Beides ist schwierig und braucht vor allem eines: viel Zeit.
Aber mithilfe von schnellen Lösungen lässt sich dem IS das Wasser nicht
abgraben. Bildlich gesprochen bedeutet das: Wir sollten dringend unser
Teleobjektiv in Richtung Kobani abschrauben und stattdessen zum
Weitwinkelobjektiv greifen, um endlich die Region als Ganzes in den Blick
nehmen zu können.
Drei Dinge haben den IS groß werden lassen. Er entstand erstens, weil die
despotischen arabischen Regime vor allem ihrer Jugend keinerlei
Perspektiven bieten, aktiv ihre Gesellschaft mitzugestalten. Außer für
Syrien und den Irak gilt das insbesondere für das Auslaufmodell der
Ölmonarchien. Viele arabische Regierungen haben den Extremismus, den sie
nun zu bekämpfen vorgeben, durch ihre repressive Politik gefördert.
Nun setzen die Golfdespoten medienwirksam ihre Luftwaffe gegen die
IS-Stellungen ein, die Vereinigten Arabischen Emirate gar mit einer Pilotin
als PR-Gag. Und der ägyptische Präsident Sisi vermarktet Ägypten dreist als
Bollwerk gegen den IS.
Das alles darf aber nicht darüber hinwegtäuschen, dass die Repression durch
arabische (Militär)regime und die islamistische Militanz sich gegenseitig
bedingen und hochschaukeln. Die arabischen Despoten sind der wichtigste
Wegbereiter des IS.
Zweitens sind die Erfolge der Dschihadisten auch ein Ergebnis westlicher
Politik und jahrzehntelanger kolonialer und postkolonialer Demütigung der
Region, in der das Selbstbewusstsein der Menschen auf dem Nullpunkt
angelangt ist. Das ist die Basis, auf der religiöse Rattenfänger
erfolgreich eine Utopie vermarkten können, die die Zeit um Jahrhunderte
zurückdrehen möchte.
Jahrelang hat der Westen die arabischen Diktatoren im Namen der Stabilität
hofiert und sieht sie trotz des von ihnen ausgehenden Terrors weiterhin als
Partner in der Terrorbekämpfung. Dabei sind genau diese Regime nicht Teil
der Lösung, sondern Teil des (Terror)problems.

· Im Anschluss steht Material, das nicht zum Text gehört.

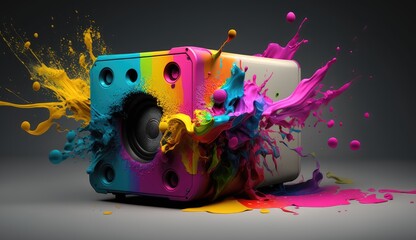 A speaker on a black background with a splash of colorful bright paint. Abstraction. AI generated
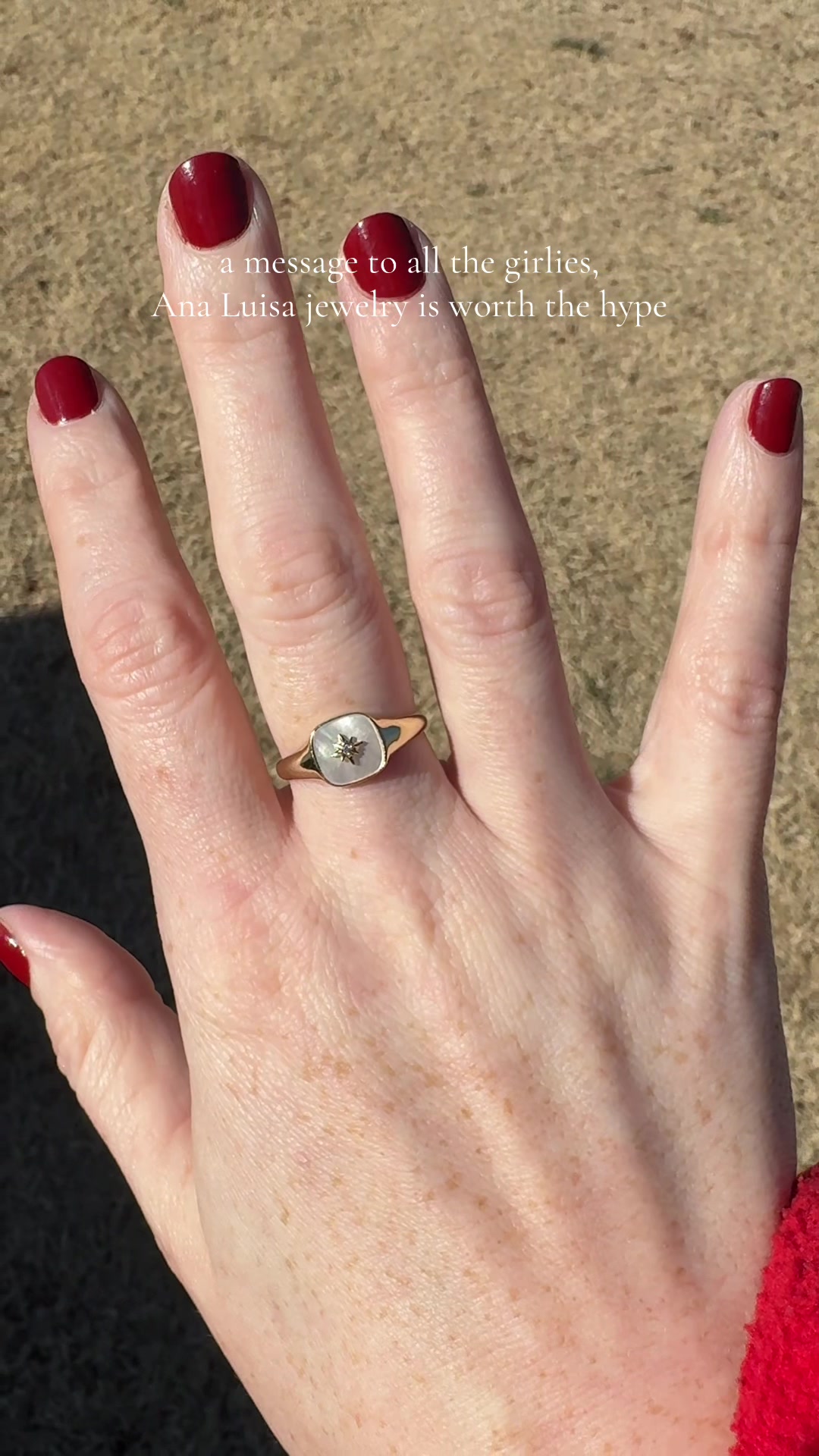 TikTok post by @baileyduggan for ana luisa. Caption reads: Truly @Ana Luisa jewelry is the GOAT #jewlery....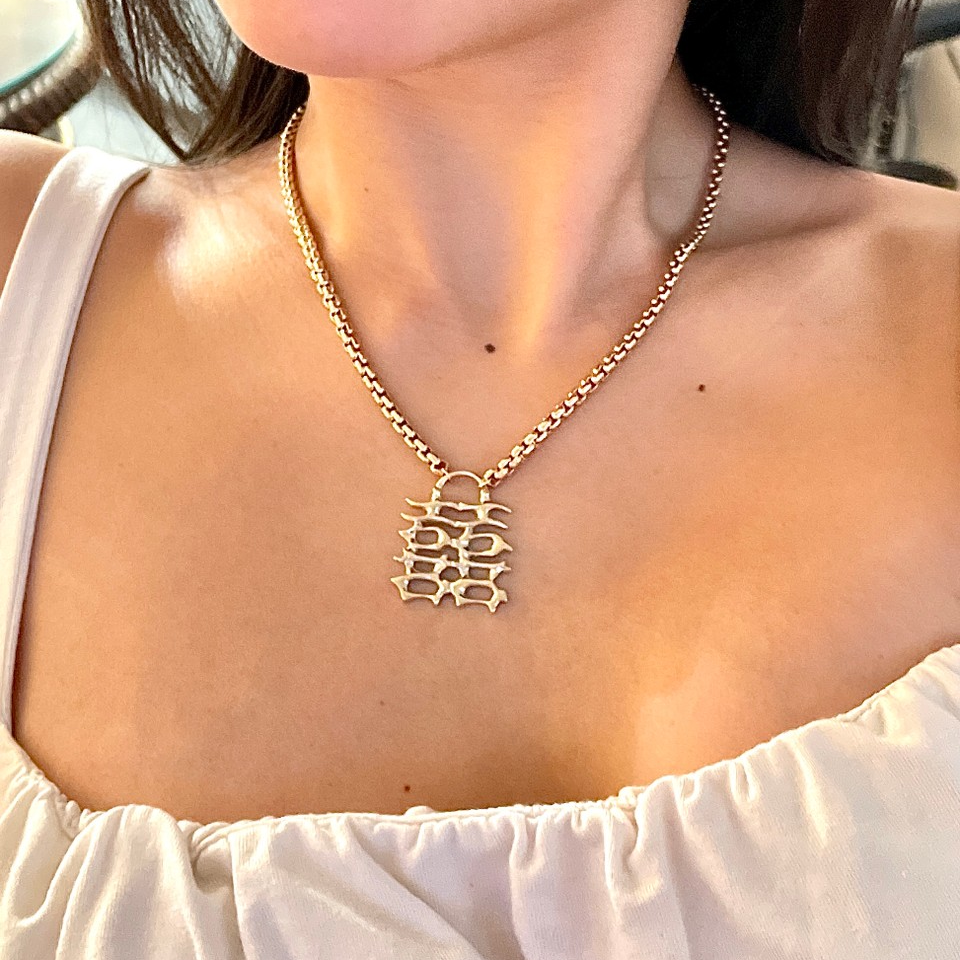 Double chain sales pendant necklace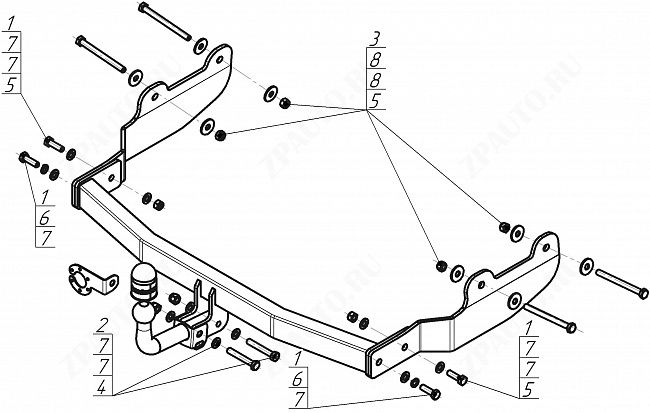 Фаркоп Hyundai Staria 2022-, тип шара A , Motodor, арт.90917-A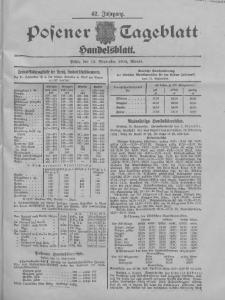 Posener Tageblatt. Handelsblatt 1904.09.15 Jg.42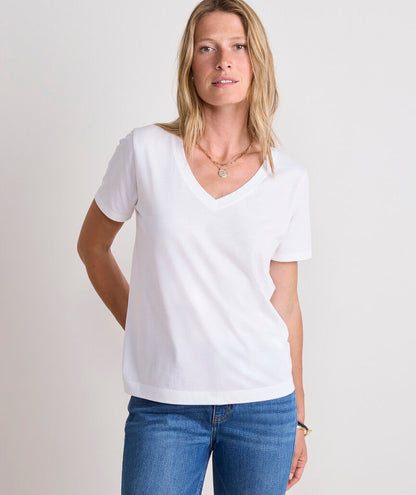 Supima Jersey V-Neck Tee - White Cap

Das bringt uns zum dritten Faktor des Erfolgs des IS. Er wurzelt auch im
herrschenden gegenwarts- und zukunftsvergessenen religiösen Diskurs, der
einst entstand, um marode Öldespotien am Golf und allen voran Saudi-Arabien
mit ideologischem Überbau zu versorgen.
Alle drei Faktoren befruchten sich natürlich gegenseitig. Die Einflussnahme
des Westens war ja nur so groß, weil er sich seit Jahrzehnten auf Despoten
stützt, die seine Interessen lokal vertreten und als Garanten der
Stabilität auftreten. Saudi-Arabien, eines der autokratischsten Länder der
Region und das wohl frauenfeindlichste der Welt, ist bis heute einer der
wichtigsten Verbündeten der USA und Europas in der Region. Umgekehrt sind
die arabischen Herrscher so erfolgreich, weil das Denken der Menschen
ohnehin von religiösen Vorstellungen dominiert ist, also die von diesen
ausgehende Ideologie lange Zeit nicht herausforderte. Der westliche
Stabilitätswunsch, die arabischen Repressionsapparate und die Beschäftigung
der Menschen mit erzkonservativen religiösen Formeln und Verhaltensregeln
hatten ein gemeinsames Ziel: den Status quo zu wahren. Das wird mit Blick
auf den gegenwärtigen Zustand der Region oft unterschätzt.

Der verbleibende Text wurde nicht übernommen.